CONCLUSÃO: Recurso Especial interposto por (2) JOSÉ AUGUSTO BELLINI julgado PARCIALMENTE PREJUDICADO e, no mais, NÃO CONHECIDO.

3. JOÃO CARLOS DA ROCHA MATTOS.

3.1 Arguida violação e contrariedade à Lei.

3.1-1 Lei Complementar 35/1979, art. 33, parágrafo único (LOMAN).

O comando normativo em tela determina, tão-somente, que, no decorrer da investigação, havendo indício de envolvimento de magistrado em crime, os autos devem ser encaminhados para o respectivo Tribunal, o que efetivamente ocorreu.
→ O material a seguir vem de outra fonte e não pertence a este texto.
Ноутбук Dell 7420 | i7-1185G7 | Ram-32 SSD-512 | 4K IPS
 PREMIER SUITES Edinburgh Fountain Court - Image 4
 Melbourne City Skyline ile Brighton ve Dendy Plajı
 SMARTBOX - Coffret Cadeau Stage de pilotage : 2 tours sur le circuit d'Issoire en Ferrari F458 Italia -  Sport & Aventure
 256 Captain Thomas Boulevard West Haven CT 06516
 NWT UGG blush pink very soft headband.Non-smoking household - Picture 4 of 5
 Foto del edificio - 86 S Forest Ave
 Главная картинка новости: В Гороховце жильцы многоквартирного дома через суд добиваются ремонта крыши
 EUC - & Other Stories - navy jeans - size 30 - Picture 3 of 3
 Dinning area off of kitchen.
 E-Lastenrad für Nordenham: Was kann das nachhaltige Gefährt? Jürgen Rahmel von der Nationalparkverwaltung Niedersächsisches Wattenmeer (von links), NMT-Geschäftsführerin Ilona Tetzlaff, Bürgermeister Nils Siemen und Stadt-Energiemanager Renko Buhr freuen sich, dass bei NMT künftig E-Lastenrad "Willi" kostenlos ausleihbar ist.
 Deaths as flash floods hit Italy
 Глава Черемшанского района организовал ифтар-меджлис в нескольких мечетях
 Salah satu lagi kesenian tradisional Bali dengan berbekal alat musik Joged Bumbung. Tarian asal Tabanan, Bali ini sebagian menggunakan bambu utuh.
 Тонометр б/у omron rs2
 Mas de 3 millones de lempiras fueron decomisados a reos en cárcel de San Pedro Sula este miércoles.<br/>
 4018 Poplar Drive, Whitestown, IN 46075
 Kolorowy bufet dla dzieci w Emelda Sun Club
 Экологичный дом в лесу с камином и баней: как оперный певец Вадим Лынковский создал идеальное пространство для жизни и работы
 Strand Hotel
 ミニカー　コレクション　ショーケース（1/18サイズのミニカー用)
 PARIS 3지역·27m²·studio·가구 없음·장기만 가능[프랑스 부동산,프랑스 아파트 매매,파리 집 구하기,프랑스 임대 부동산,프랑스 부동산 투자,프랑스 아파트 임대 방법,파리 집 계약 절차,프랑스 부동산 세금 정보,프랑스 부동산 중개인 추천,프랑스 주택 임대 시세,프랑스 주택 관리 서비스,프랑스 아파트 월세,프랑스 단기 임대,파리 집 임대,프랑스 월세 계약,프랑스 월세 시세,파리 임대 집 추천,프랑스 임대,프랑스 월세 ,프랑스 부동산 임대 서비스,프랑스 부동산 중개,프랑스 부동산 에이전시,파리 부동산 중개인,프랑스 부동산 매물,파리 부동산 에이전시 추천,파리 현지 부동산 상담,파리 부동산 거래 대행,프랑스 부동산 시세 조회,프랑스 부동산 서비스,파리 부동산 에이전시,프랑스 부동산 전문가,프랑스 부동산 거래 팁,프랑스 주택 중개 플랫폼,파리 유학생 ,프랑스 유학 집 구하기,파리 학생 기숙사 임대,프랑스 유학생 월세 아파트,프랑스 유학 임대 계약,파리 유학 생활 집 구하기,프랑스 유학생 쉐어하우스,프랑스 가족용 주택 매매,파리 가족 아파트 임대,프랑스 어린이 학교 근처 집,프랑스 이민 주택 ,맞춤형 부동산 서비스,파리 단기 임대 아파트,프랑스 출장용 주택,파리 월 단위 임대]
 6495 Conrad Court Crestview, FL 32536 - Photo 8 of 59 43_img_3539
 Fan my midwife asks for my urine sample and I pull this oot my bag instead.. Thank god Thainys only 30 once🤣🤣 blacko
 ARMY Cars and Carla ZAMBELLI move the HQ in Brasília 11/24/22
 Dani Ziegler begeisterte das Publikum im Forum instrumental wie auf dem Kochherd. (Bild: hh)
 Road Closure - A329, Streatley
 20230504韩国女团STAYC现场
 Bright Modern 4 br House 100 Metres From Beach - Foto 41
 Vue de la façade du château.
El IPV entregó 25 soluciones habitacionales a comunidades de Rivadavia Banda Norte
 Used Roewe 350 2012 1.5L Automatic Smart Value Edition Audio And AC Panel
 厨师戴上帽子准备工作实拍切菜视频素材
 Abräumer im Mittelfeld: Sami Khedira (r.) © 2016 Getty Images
3.1-2 Arts. 76, III; 77, I; 78, III; e 82 do Código de Processo Penal.

A questão acerca da pretensa incompetência do órgão julgador foi examinada por esta Corte, ainda na fase inicial da ação penal em tela, trazida pelo ora Recorrente JOÃO CARLOS DA ROCHA MATTOS, nos autos do HC 33.176/SP, 5ª Turma, Rel. Min. JOSÉ ARNALDO DA FONSECA, DJ de 24/05/2004, acima referido nos itens 1.1-5 e 2.1-3. Essa decisão, inclusive, foi revista pelo Supremo Tribunal Federal que, no ponto, a manteve, ao julgar o HC 84.301/SP, 2ª Turma, Rel. Min. JOAQUIM BARBOSA, DJ de 24/03/2006, afastando as ilegalidades arguidas. Recurso, no ponto, prejudicado.

3.1-3 CPP, art. 254, I.

A alegada suspeição de desembargadores federais que participaram do julgamento do Recorrente foi rejeitada em sede de exceção pela Corte Regional. A revisão dessa conclusão a que chegou o Tribunal a quo, evidentemente, demandaria aprofundada incursão na seara fático-probatória, o que é vedado pela Súmula 07 desta Corte. Outrossim, a matéria foi examinada nos autos do HC 33.176/SP, 5ª Turma, Rel. Min. JOSÉ ARNALDO DA FONSECA, DJ de 24/05/2004, que foi impetrado em favor do ora Recorrente, tendo sido denegada a ordem.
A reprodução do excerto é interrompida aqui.